[Start of section]
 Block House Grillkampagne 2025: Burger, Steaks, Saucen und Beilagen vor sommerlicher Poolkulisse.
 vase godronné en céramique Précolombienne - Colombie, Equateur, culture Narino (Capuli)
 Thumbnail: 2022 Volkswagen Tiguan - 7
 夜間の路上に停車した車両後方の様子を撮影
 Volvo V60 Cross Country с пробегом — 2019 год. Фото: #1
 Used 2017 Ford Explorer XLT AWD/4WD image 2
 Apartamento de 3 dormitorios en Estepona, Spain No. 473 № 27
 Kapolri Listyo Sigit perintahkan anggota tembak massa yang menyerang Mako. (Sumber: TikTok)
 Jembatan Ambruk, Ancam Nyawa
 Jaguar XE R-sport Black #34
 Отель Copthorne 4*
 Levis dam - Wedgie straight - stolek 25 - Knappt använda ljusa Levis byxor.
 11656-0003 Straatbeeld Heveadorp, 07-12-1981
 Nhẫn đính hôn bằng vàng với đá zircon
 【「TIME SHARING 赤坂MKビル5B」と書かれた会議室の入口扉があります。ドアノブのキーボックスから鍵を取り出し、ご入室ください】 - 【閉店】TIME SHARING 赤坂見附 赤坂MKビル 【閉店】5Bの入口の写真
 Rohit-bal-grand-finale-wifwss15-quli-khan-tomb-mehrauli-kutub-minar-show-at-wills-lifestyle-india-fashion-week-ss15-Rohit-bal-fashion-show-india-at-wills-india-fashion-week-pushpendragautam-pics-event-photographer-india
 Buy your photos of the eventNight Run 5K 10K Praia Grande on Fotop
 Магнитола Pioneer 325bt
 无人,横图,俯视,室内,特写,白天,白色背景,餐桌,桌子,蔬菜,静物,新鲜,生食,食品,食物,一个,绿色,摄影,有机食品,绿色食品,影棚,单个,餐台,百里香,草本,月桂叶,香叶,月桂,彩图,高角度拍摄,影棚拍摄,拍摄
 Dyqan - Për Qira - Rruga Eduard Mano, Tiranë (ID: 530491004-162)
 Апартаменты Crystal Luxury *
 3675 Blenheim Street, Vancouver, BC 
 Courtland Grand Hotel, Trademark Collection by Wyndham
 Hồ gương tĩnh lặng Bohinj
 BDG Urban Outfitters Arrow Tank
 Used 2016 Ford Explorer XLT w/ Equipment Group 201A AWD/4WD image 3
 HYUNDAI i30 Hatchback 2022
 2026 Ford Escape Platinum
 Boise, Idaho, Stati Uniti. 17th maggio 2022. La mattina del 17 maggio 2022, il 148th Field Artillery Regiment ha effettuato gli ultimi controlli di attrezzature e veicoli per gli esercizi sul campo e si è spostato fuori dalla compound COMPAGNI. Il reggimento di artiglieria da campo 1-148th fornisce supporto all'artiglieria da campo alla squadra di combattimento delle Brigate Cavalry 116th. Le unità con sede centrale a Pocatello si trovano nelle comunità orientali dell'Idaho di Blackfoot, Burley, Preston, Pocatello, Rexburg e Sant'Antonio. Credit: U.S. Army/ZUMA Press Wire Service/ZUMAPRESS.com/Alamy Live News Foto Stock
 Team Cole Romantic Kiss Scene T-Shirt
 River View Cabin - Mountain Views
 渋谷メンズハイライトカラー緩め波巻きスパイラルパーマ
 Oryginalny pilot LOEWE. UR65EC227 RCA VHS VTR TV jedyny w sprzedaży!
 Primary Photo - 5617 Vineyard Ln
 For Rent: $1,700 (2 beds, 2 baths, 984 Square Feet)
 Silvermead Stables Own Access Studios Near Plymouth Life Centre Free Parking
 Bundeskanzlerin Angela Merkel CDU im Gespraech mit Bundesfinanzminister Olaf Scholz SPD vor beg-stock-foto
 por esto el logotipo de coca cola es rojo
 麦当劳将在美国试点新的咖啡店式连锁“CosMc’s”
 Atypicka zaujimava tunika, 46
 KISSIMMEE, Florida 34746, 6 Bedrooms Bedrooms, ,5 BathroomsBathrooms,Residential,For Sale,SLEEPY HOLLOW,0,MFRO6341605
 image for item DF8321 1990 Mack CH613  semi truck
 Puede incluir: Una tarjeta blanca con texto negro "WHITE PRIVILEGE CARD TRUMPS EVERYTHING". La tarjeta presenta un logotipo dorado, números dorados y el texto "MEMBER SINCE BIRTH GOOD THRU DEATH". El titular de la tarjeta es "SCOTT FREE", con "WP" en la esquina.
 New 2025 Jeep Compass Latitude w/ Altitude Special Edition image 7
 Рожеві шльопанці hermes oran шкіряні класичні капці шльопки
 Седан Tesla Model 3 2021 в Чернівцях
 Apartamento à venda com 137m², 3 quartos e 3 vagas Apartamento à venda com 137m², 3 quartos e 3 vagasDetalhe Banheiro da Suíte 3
[End of section]
Your task: Which lines above contain the word "Ford"? Copy each of them.

Task output:
 Used 2017 Ford Explorer XLT AWD/4WD image 2
 Used 2016 Ford Explorer XLT w/ Equipment Group 201A AWD/4WD image 3
 2026 Ford Escape Platinum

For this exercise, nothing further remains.